Response to Terms of Clearance for Conversion Magnet Schools Evaluation (1850-0832)
QUESTION 1 - NCEE provided three criteria (response of 6/19/07 to OMB questions) that would help it determine whether the proposed study was feasible. It appears that at most one of these was met. Please provide a more detailed discussion of the feasibility results, specifically in light of those criteria.
As shared in the 6/19/07 response to OMB questions, “…the determination of whether or not to implement the evaluation [was] based on the availability of data to support the interrupted times series (ITS).” The response specified that the necessary data for this analysis included 50 magnet schools and 100 non-magnet comparison schools and that (1) each magnet school must be accompanied by one or more non-magnet comparison schools from the same district with similar demographic and achievement profiles, (2) the magnet and comparison schools must have existed and administered the same standardized tests to their students for at least 3 years prior to and 3 years after the magnet conversion date, and (3) the districts must be able and willing to provide longitudinal individual student records data. These criteria were established based on prior power calculations that demonstrated this overall sample (50 magnets, 100 comparison schools) would be sufficient to detect an MDE of .19 for a sub-sample of approximately 20%.
However, subsequent to the submission of that response, we and our contractor refined the power calculations for the ITS and tailored these calculations to focus on (1) estimation of effects on the large group of resident students (ED’s greatest policy interest), rather than smaller subsamples, and (2) the particular schools that are eligible and willing to participate in the study. The original calculations had been overly conservative in the assumptions (about the R-squared, intra-cohort correlation, etc.) because there were based on a limited set of published data that were not particularly aligned with our study parameters. The new power calculations draw on a wider set of information, including published data for the specific sample of magnet schools recruited; these new calculations indicate that we would need substantially fewer schools, 15-16 magnet schools and 32-34 comparison schools (depending on reading or math outcome), to achieve an MDE of 0.20 for the resident student sample, even if not all of the schools have a full 3 years of baseline (pre-grant) achievement data (see appendix).
According to the criteria established earlier:
1) We have identified 23 conversion magnet schools and 48 comparison schools in 13 districts, an average of 2.2 comparison schools per magnet school. That full set of schools will be used for an analysis of math achievement gains, while 21 have the data to conduct the analysis of reading achievement gains.
2) Among the identified schools/districts, we have an average of 2.6 years of baseline data and expect to collect the full three years of post-grant data.
3) The 13 districts in the identified sample have agreed to provide the longitudinal data. We have another 2 districts we believe are eligible for the study, and are pursuing their cooperation; if they are included in the study, the MDE will be reduced.

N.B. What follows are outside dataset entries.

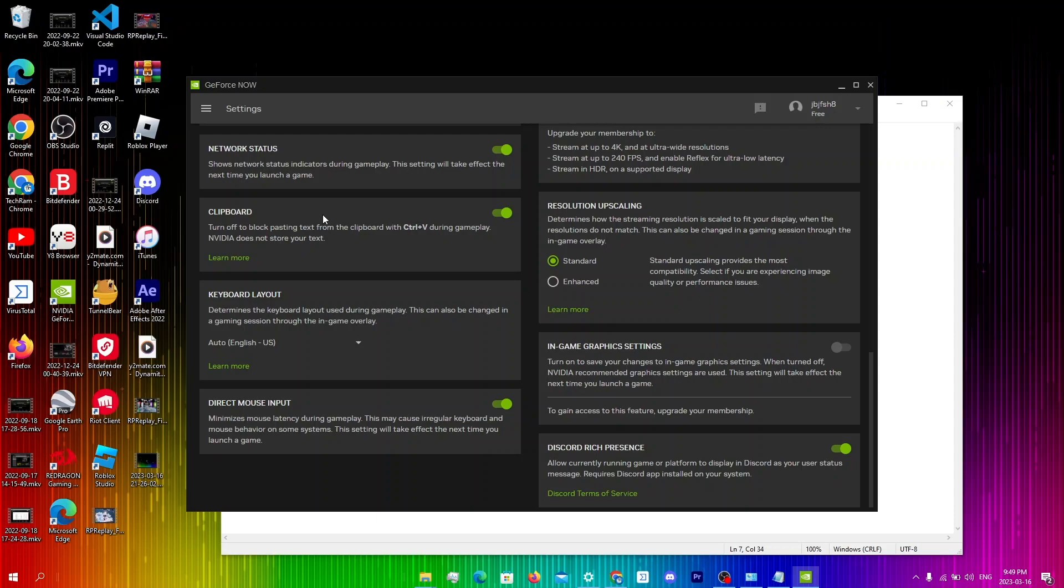For the most part it does help reduce input delay to a minimum but it can actually make the delay worse on some systems. So make sure to turn it on if it's not on already then run a game to see the difference in delay.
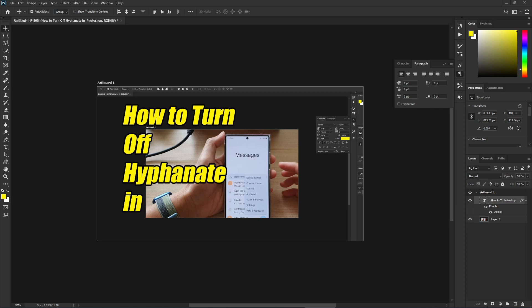Hey guys, in this video we're going to look at how you can change the text box size without stretching or distorting the text inside the text box in Photoshop 2022.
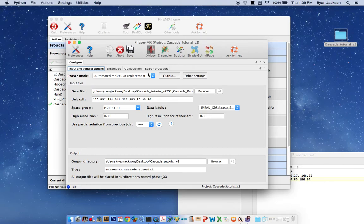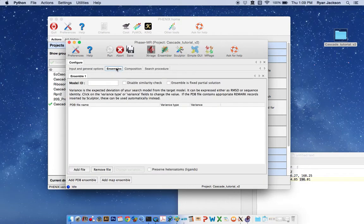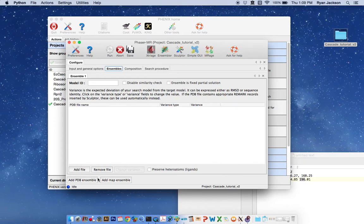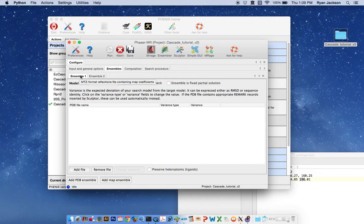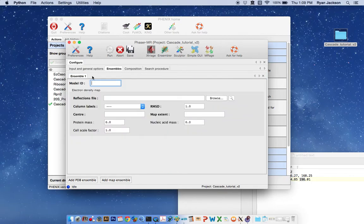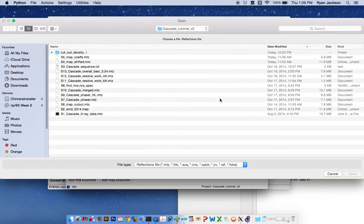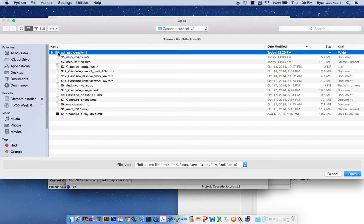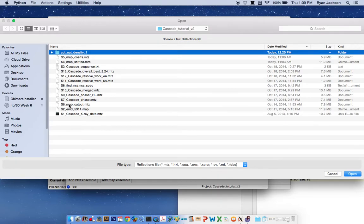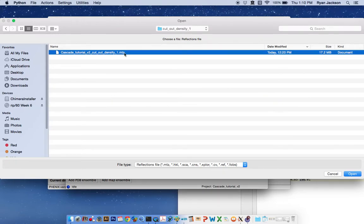Now we're going to set up and run phaser. To do this we need to build an ensemble. This is an ensemble for a PDB, we actually want to add a map ensemble. So we'll remove ensemble 1 and work with the newly made map ensemble. We'll call this cascade_em. The reflections file is what we just prepared in tutorial number 1. We have provided that for you as supplemental file 6. I'm going to use the one that we just did in tutorial 1.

Overall, with our current sample of schools that meet criteria and are willing to participate, we will be able to detect an MDE of .167 for resident students over the three-year period of the MSAP grant (see power analysis results – Appendix B Table 2). Although or primary analysis will focus on the resident students as a whole, we will still be able to detect effects for subgroups of 30% and likely less. This would allow us the opportunity to conduct analyses for specific grade levels and some minority groups.
QUESTION 2 - In addition, please clarify whether the number of identified schools represents those for which participation (via the districts) has been secured, or merely the universe from which NCEE must secure agreement to participate.
All 23 + 48 schools in the 13 districts that we previously identified have been screened, determined to have the necessary data, and are willing to participate. These schools/districts have received MSAP grants through the Office of Innovation and Improvement (OII), and OII has encouraged grantee cooperation (e.g., EDGAR requires grantees to participate in a program evaluation if one is conducted). As noted above, there are two other districts that appear eligible but for whom we are seeking their agreement to participate.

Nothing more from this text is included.